* This is the fourth and last part of a series on omission-tolerant integrity
protection and related topics.
See also
part 1,
part 2,
and
part 3.
A technical report on the topic is available
on this site and
in the IACR ePrint Archive.
*

In part
3 we saw how the *system parameterization* concept introduced
by Boneh and Shoup in their
Graduate
Course in Applied Cryptography makes it possible to provide a
formal definition of *collision resistance* for keyless hash
functions. In this last post I will explain how that definition, and
the security and system parameters used in the definition, are used in
the proof of Theorem 3 of
the technical report, which states
that the root label of a typed hash tree can serve as an
omission-tolerant checksum of an encoding of a set of key-value pairs.
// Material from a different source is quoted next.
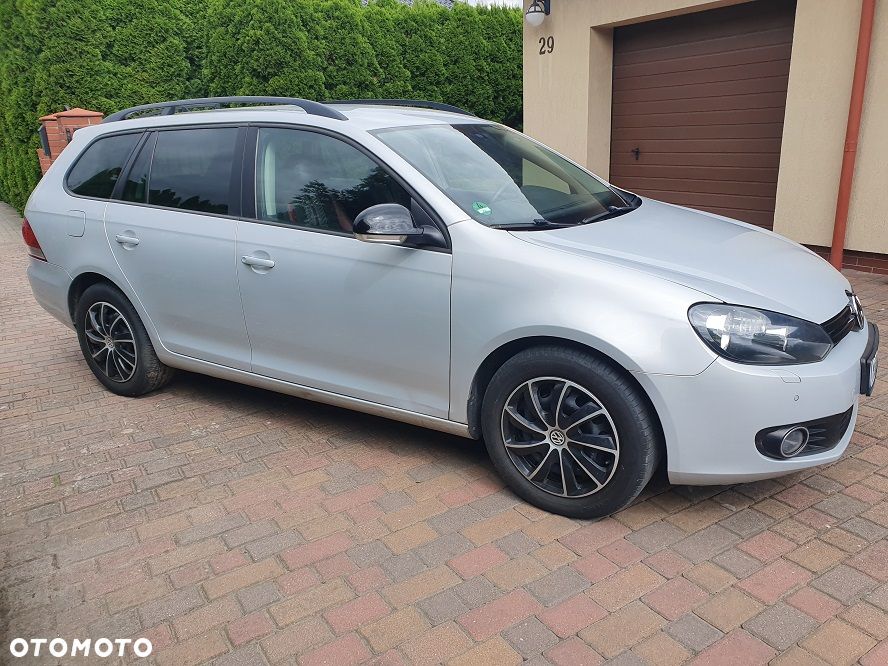 Volkswagen Golf 1.6 TDI DPF BlueMotion Technology MATCH - 5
### Constructing an encoding with checksum of a set of key value-pairs dependent on security and system parameters

In part 2 I described the structure of a typed hash tree and gave an example of how a typed hash tree can be used to construct a bit-string encoding of a set of key-value pairs in a way that allows the root label of the tree to serve as an omission-tolerant checksum of the set. Now I’ll show how the encoding and its checksum can be made dependent on the security and system parameters. The role of the security and system parameters in the construction is to select the hash function used to compute the labels of the internal nodes of the tree, from the family of hash functions defined by a hashing scheme with system parameterization. The encoding algorithm takes the following three steps.

First, an ordered tree is constructed with a shape freely chosen by the algorithm, the key and value of each key-value pair are encoded as bit strings and assigned as the type and label of a leaf node, and a distinguished type other than any type used to encode a key is assigned to the internal nodes and any remaining leaf nodes. Nodes with the distinguished type are called distinguished nodes, and distinguished leaf nodes are called dangling nodes. This first step does not depend on the security and system parameters. It produces an incomplete typed hash tree without the distinguished node labels.
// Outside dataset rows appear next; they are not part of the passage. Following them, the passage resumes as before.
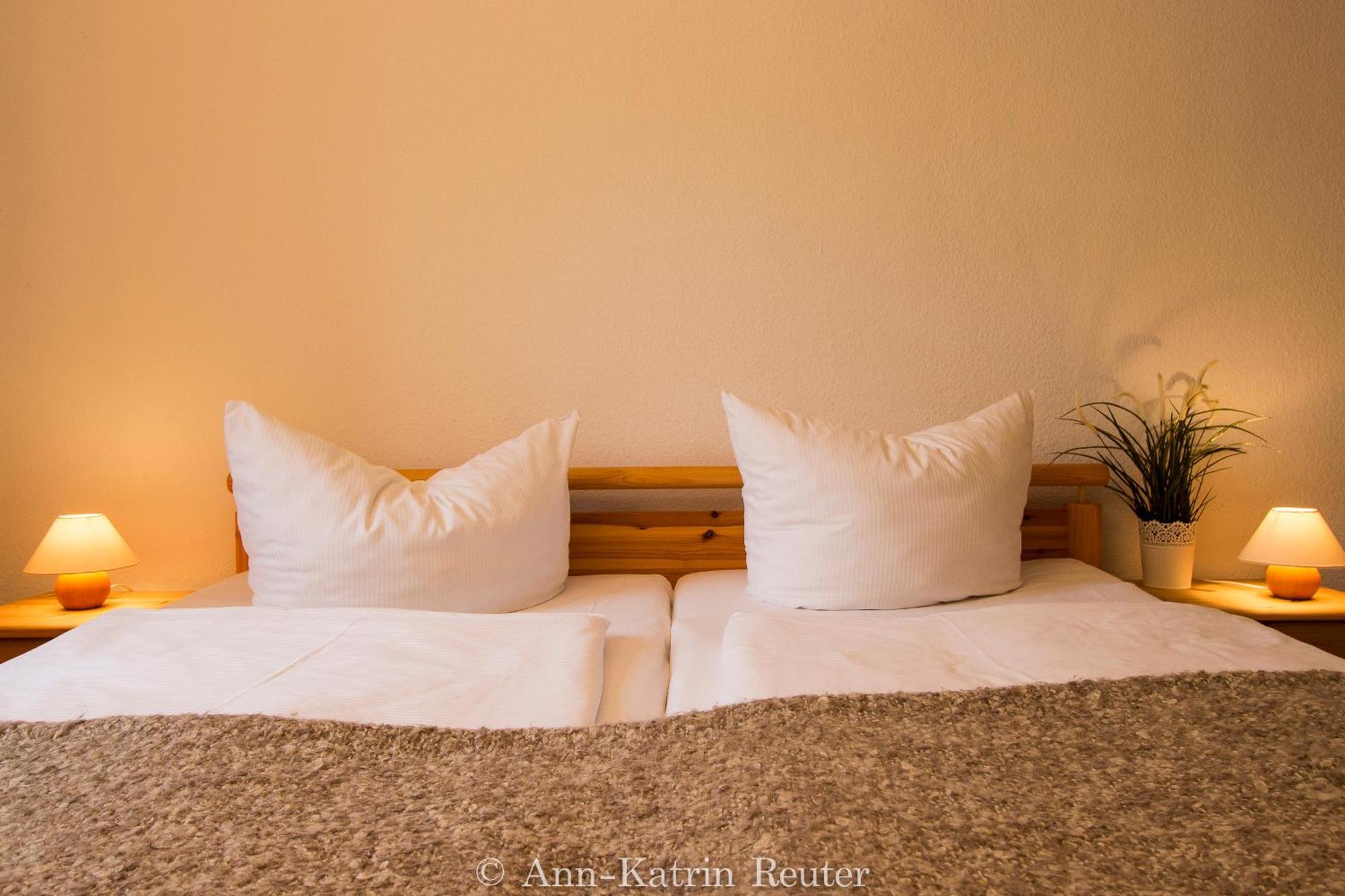 Ferienhaus Am Ufer - Ferienwohnung Strandsand Сасниц Екстериор снимка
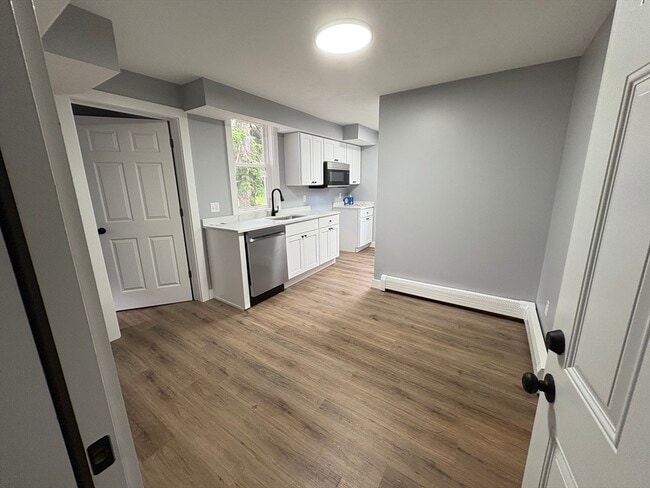 Building Photo - 369 Tremont St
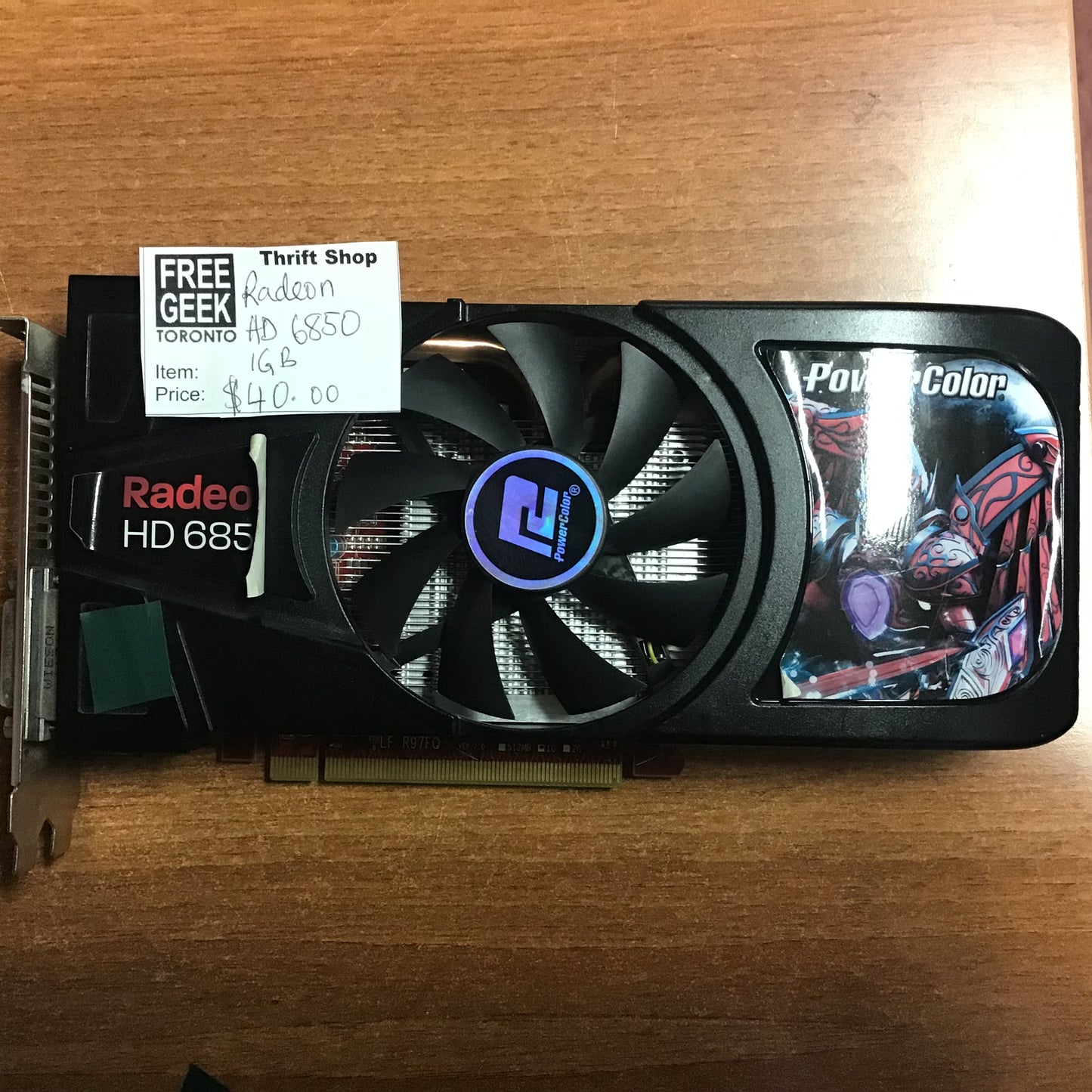 Radeon HD 6850 1GB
Second, strings with a bit length equal to the bit length of output the hash function are generated at random with uniform distribution and assigned to the dangling nodes. This step depends on the security parameter, which determines the bit length of the output of the hash function. (Although the security and system parameters together determine the hash function, the security parameter by itself determines the bit length of its output.) It produces an incomplete typed hash tree without internal node labels.

Third, the tree is serialized to produce the bit-string encoding of the set of key-value pairs.
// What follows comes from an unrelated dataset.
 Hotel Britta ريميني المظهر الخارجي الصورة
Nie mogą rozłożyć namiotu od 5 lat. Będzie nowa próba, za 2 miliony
A checksum algorithm computes the omission-tolerant checksum by deserializing the bit-string encoding, computing the labels of the internal nodes, and outputting the label of the root node. The computation may fail if it encounters a prelabel of an internal node (defined as the sequence of the types and labels of its children that is input to the hash function to compute its label) that is too long for the hash function. In that case the checksum algorithm fails and stops without output.

### Attack games as algorithms that take other algorithms as inputs

Security reductions based on attack games are often constructed
according to the following basic pattern. A security property of a
cryptographic scheme, or cryptosystem, is defined by an attack game
played between a challenger and an adversary, and is said to hold if
the probability that an efficient adversary has of winning the game is
a negligible function of the security parameter. (By being efficient we
mean, as usual, running within time polynomial on the security
parameter; Boneh and Shoup use a more complex definition that allows
for non-termination.) To prove that a security property of a
cryptosystem 𝔄 defined by game *A* holds under the assumption that
a security property of a cryptosystem 𝔅 defined by game *B*
holds, one assumes that there exists an efficient adversary 𝒜
able to win game *A* with a probability that is a non-negligible
function of the security parameter, and uses 𝒜 to construct an
efficient adversary ℬ that wins game *B* with a probability
that is likewise a non-negligible function of the security parameter.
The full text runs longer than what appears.